++++ Records for processing

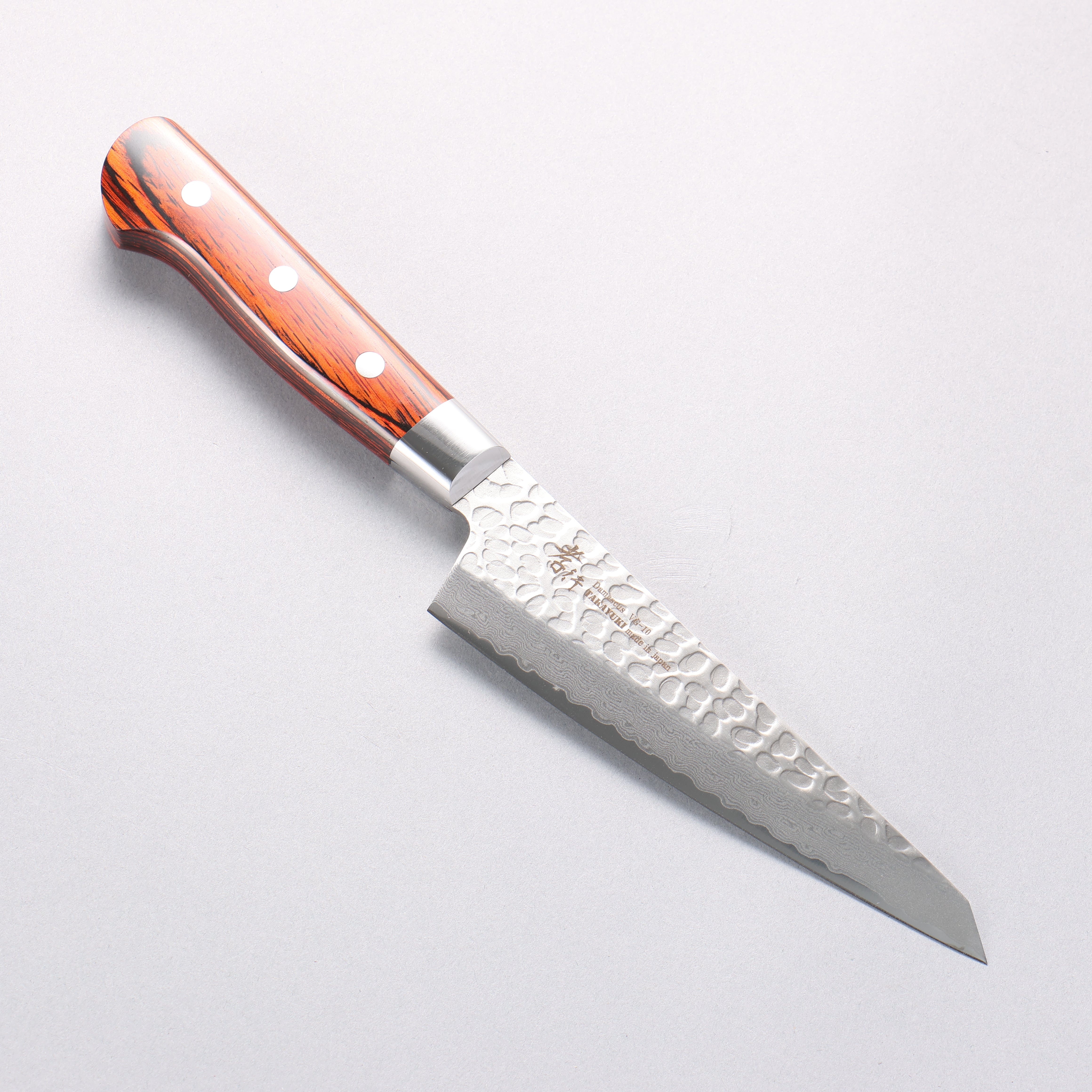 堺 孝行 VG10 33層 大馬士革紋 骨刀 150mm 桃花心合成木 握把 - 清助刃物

++++++++
++++ Records for processing

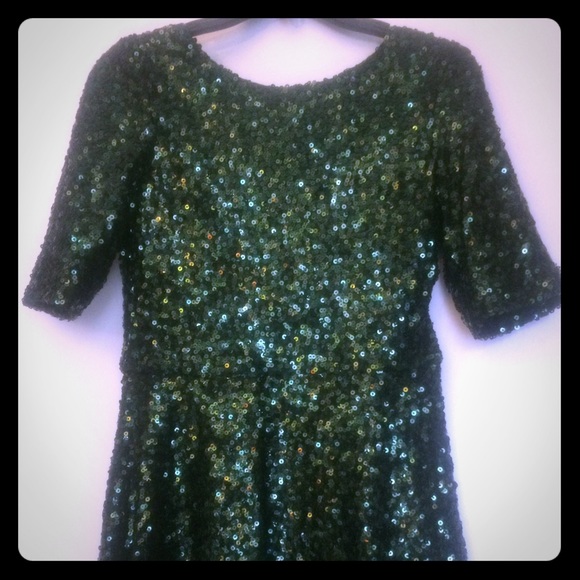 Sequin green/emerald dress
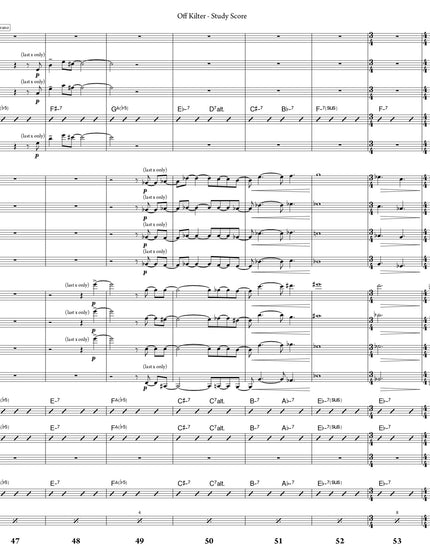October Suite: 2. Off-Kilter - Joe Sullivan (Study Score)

++++++++

What is being asked — Every line from the one with "Sequin green/emerald dress" through the one with "October Suite: 2." is to be reproduced exactly as written above, and the pictures are to be dropped.

Response to this task —
 Sequin green/emerald dress
October Suite: 2. Off-Kilter - Joe Sullivan (Study Score)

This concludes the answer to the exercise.